Ⅳ.Investment Philosophy: How to bet in no man's land?

 

In the early stages of an industry without stable revenue streams or mature products, traditional valuation models (Price-to-earnings ratios, P/E) become completely ineffective. For investors developing robotic components, this resembles a high-stakes gamble. So how do private equity firms build their own valuation models to balance high valuations with high risks?

JD Capital believes that an ideal investment target must have the following key elements:

● The irreplaceability and high barriers of technical solutions: It is necessary to ensure that the invested technology route will not be easily overturned in the future. The product combining software and hardware has a deeper moat because its algorithm is difficult to be copied.

● Huge market space: look for those components that account for a high proportion of the value in the robot body, but have a small original market space. Such targets will benefit the most from the industrial explosion and have huge growth elasticity.

● Top-notch and complementary founder team: This is the most important of all elements. The team should not only have a deep technical background, but also have a strong engineering, commercial orientation and cost awareness.

● Good competition: it is best that there are no strong listed competitors in the segment.

In terms of valuation, we use the logic of "scenario reverse and cash flow discounting": how big the whole market will be in the future, how much share this component can take, and how much cake it can get.

This investment is essentially a bet on the future, with the key lying in the correctness of the technological roadmap and the team's execution. But ultimately, it is a bet on China's future in the new global tech race.

 

Ⅴ.Endgame: Who will define the next era?

When will the "iPhone moment" of China's humanoid robot industry—— that benchmark product capable of entering thousands of industries—— arrive?
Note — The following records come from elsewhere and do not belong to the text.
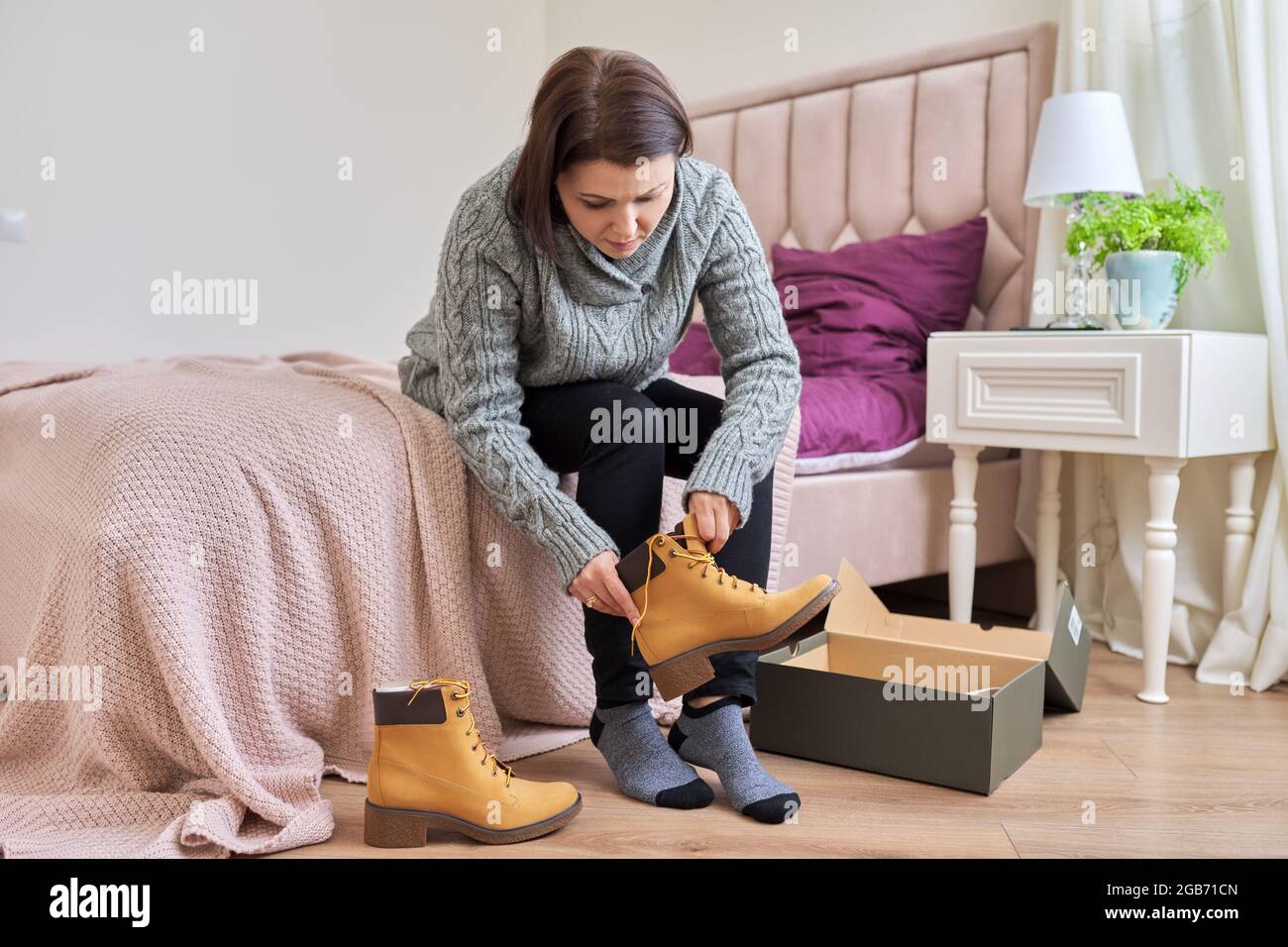 Zapatos para mujer botas de invierno de otoño, caja de zapatos, fondo  interior de la habitación del hogar Fotografía de stock - Alamy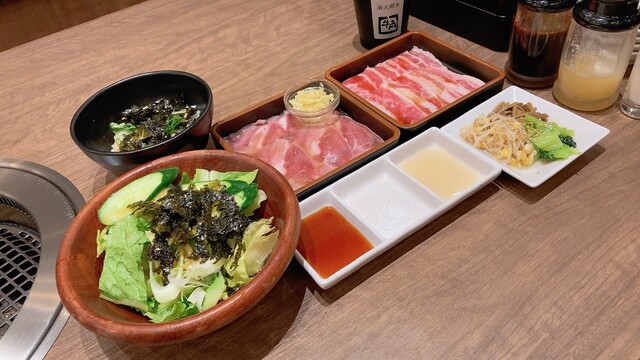 Gyukaku All you can eat Senmon Ten Nakagawa Nakajima Ten photo 3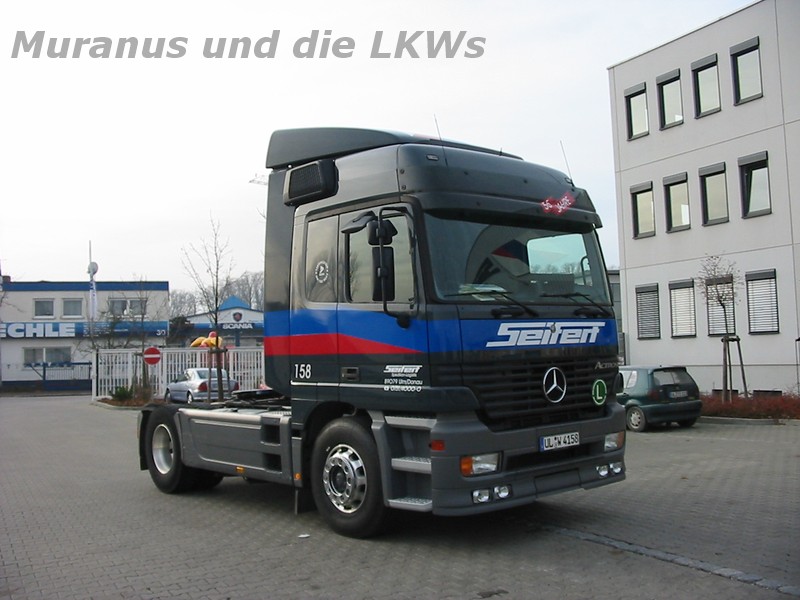 auf dem Firmengelände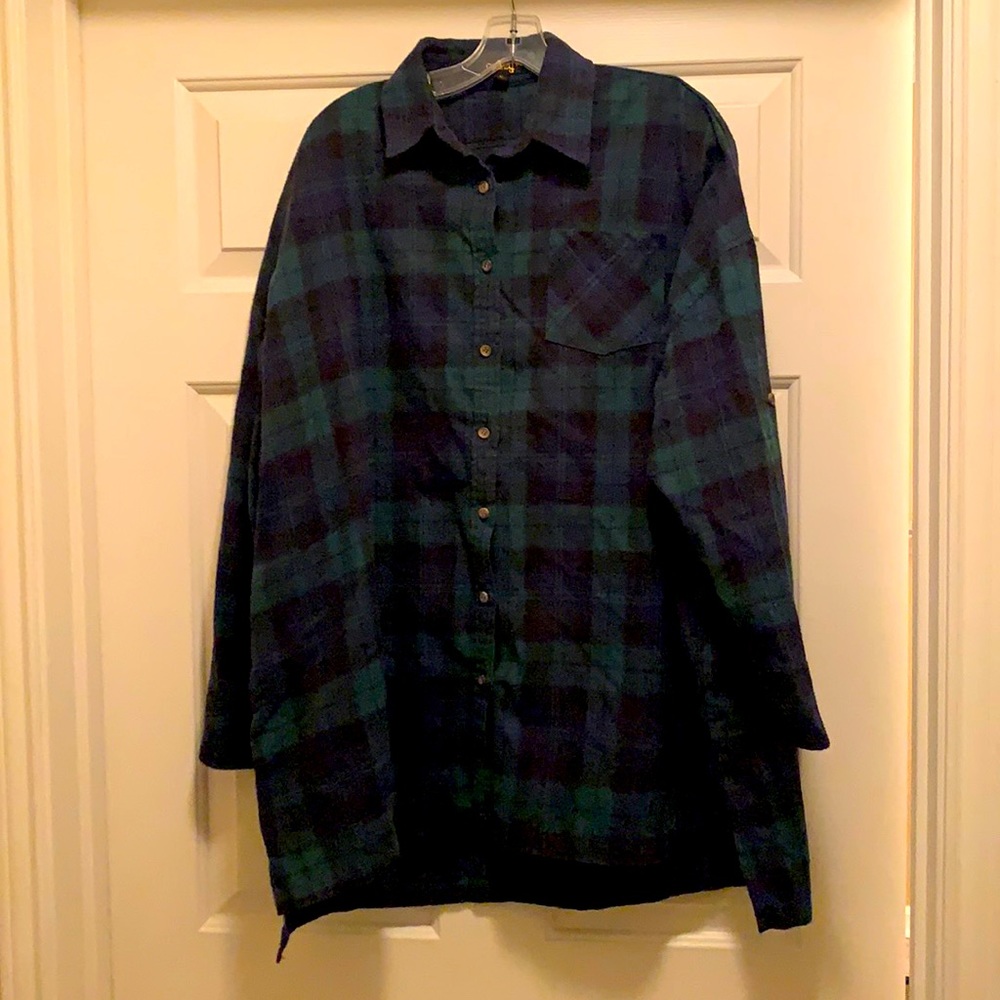 Green/blue/black oversized flannel shirt/dress. Size medium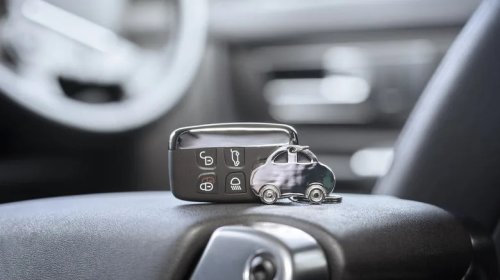 Battery, Does Leaving A Key Fob Too Close To A Car Drain The Battery?
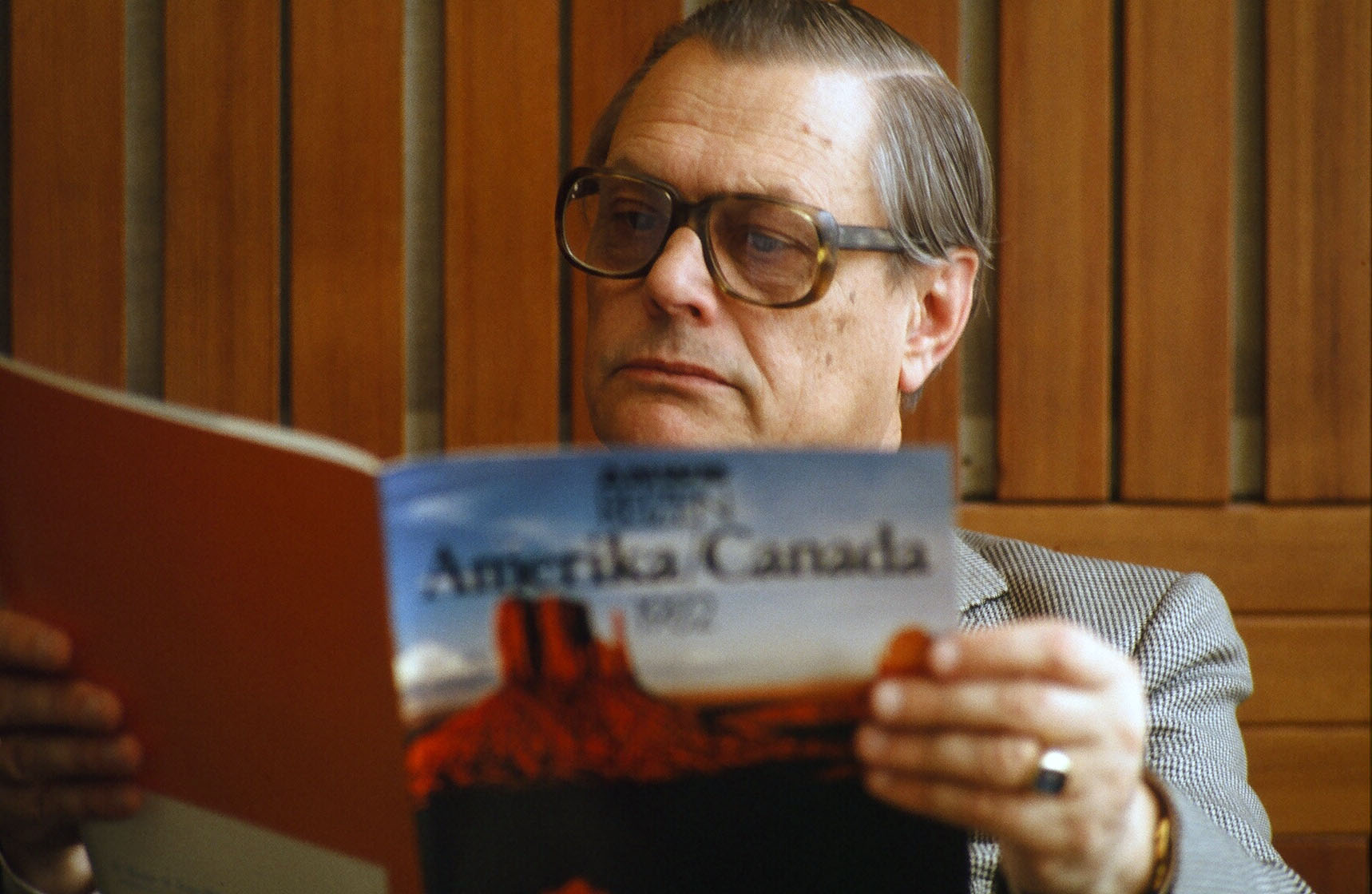 Kees Passchier leest een boek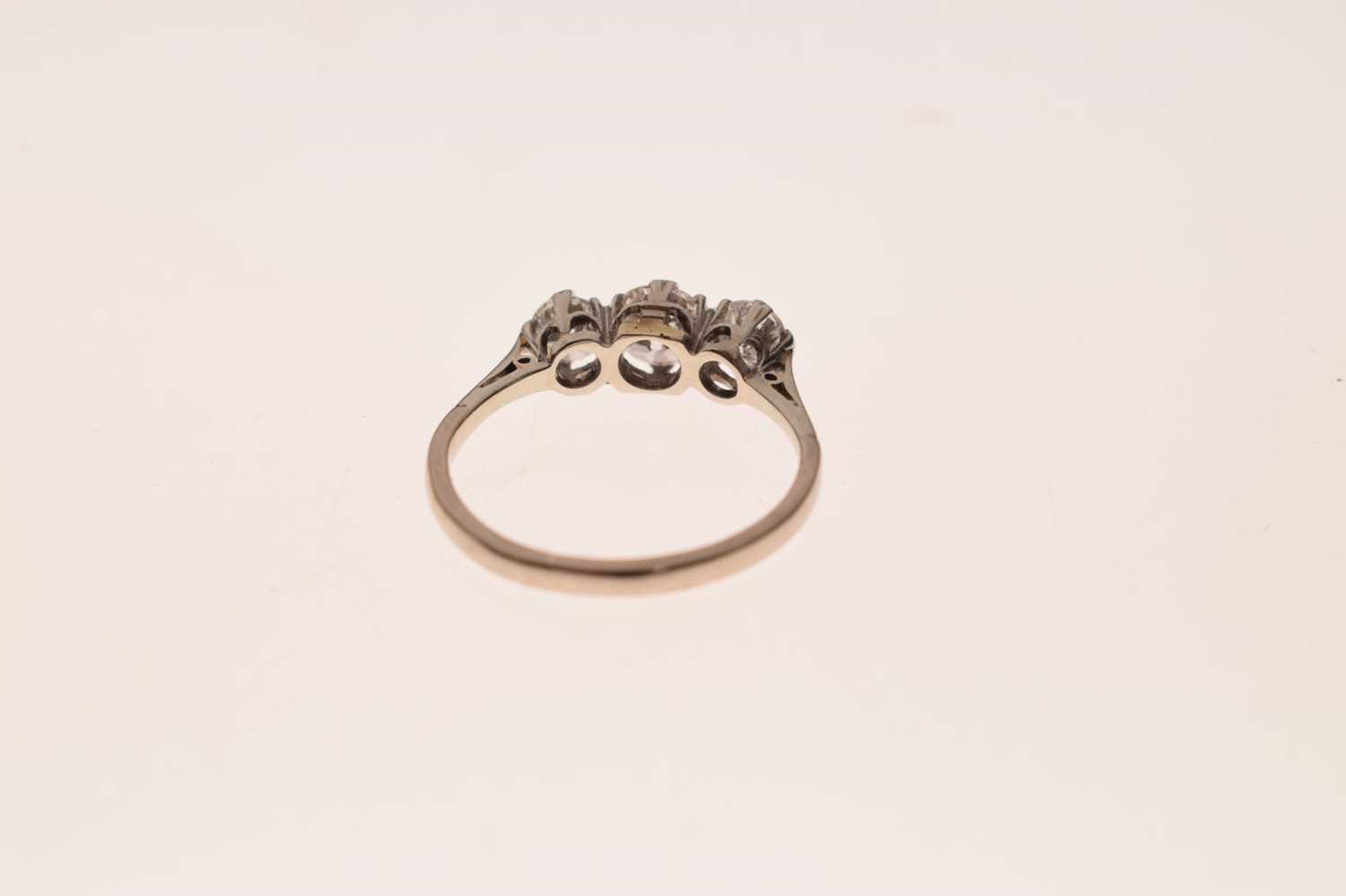 Three-stone diamond ring - Image 4 of 7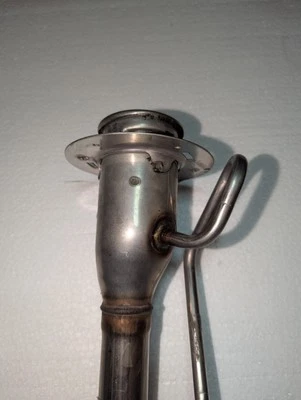 Dodge Dakota 2004-2010 cuello de llenado de combustible gasolina tubo de llenado OEM 52013211AA Foto 1 de 4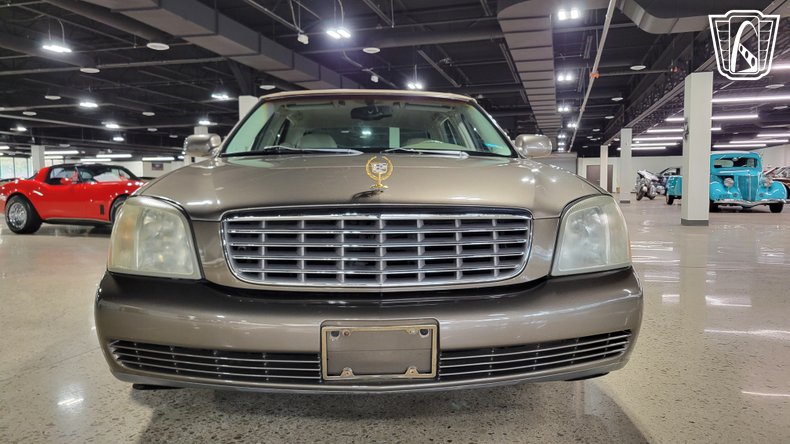 2003 Cadillac DeVille 4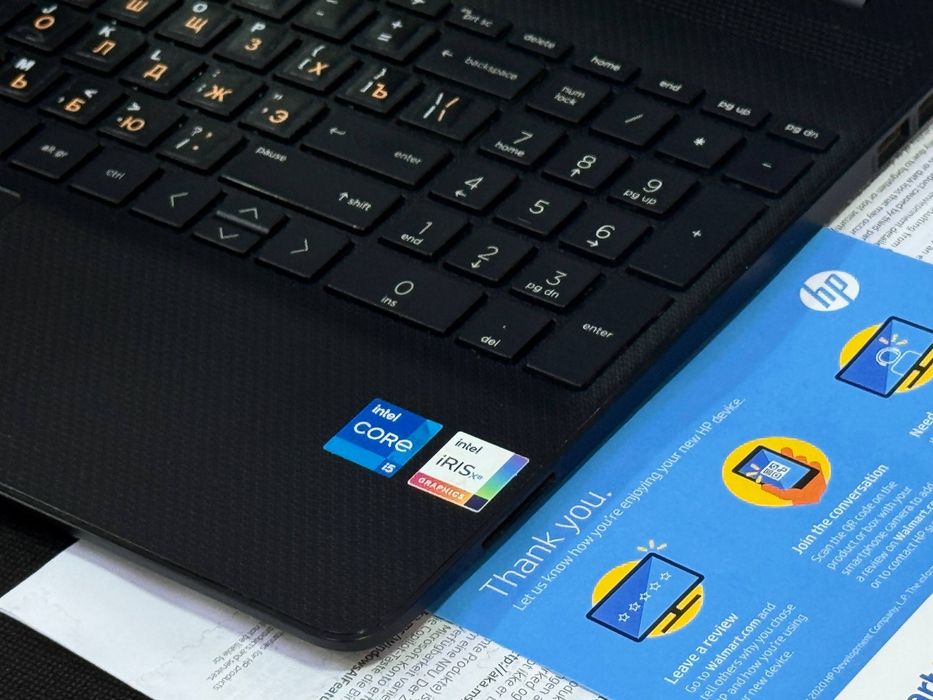 Hp LapTop OBSIDIAN BLACK edition Rangida I5 kuchli PRICESSORLI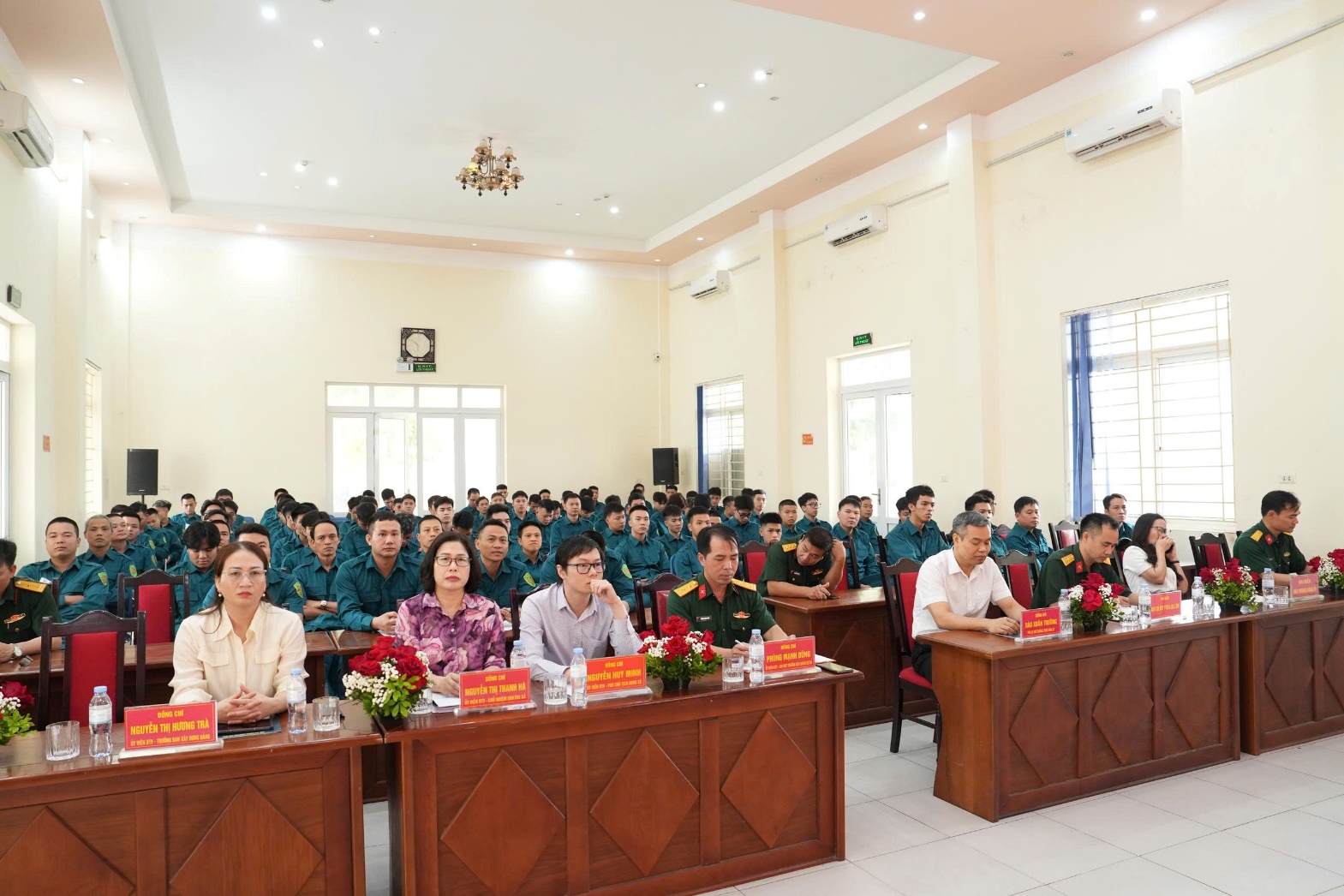 Ảnh có chứa trong nhà, trang phục, tường, người  Nội dung do AI tạo ra có thể không chính xác.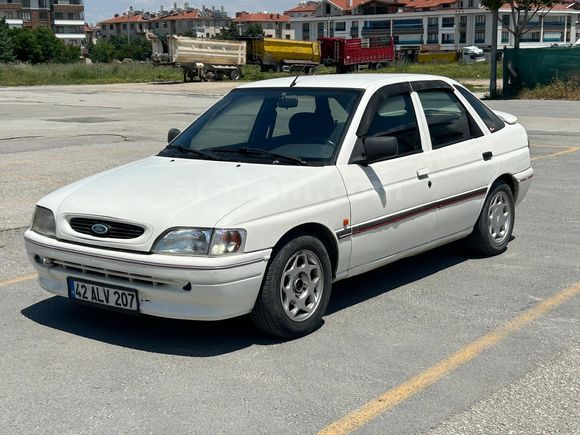 Sahibinden Ford Escort 1.6 CLX 1995 Model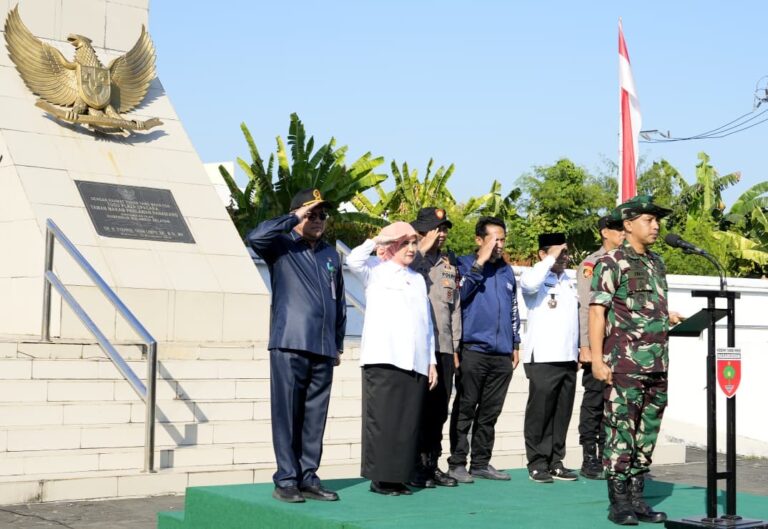 Wakil Wali Kota Makassar Hadiri Karya Bakti di Taman Makam Pahlawan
Industry forecasts are:

● The "iPhone 1" moment (the first tipping point product) —— is likely to occur around 2028-2030, marked by the realization of large-scale profits for robots in two or three core industrial scenarios (such as automobile manufacturing, warehousing and logistics).

● The iPhone 4 moment (mass adoption) —— A truly universal, home-ready benchmark will take longer, probably after 2035.

Prior to this, JD Capital identified several critical milestones the industry must achieve: reducing core component costs to a tipping point, attaining breakthroughs in embodied intelligence, attaining scale profitability in key application scenarios, and establishing robust supply chains. Currently, the primary bottlenecks constraining industry growth are cost and technological limitations in the short term, while AI's generalization capabilities will be crucial in the medium term.

Ten years from now, when we look back at today, what will ultimately determine the global status of China's humanoid robot industry? The answer from JD Capital is the synergy of three factors: market size, manufacturing costs, and core technologies.

But in the long run, China's humanoid robots will inevitably lead global development and give birth to world-class, irreplaceable companies. This is because China possesses the world's largest application market and the strongest manufacturing cost advantage, which serves as both the "fertile soil" and "foundation" for technological development.

In the view of JD Capital, we can first rely on these two points to quickly increase volume and occupy the market, and then use the market to exchange technology, feed back into research and development, and finally incubate core technologies and companies with global dominance.

After all, technology can be made up for, but the advantages of market size and manufacturing costs cannot be imitated by foreign countries.

The battle over the "Iron Man" has just begun. It concerns not only the future of an emerging industry, but also a nation's global standing in the next technological era. At this critical juncture, the decisive factors lie hidden within seemingly insignificant components: speed reducers, sensors, and screws.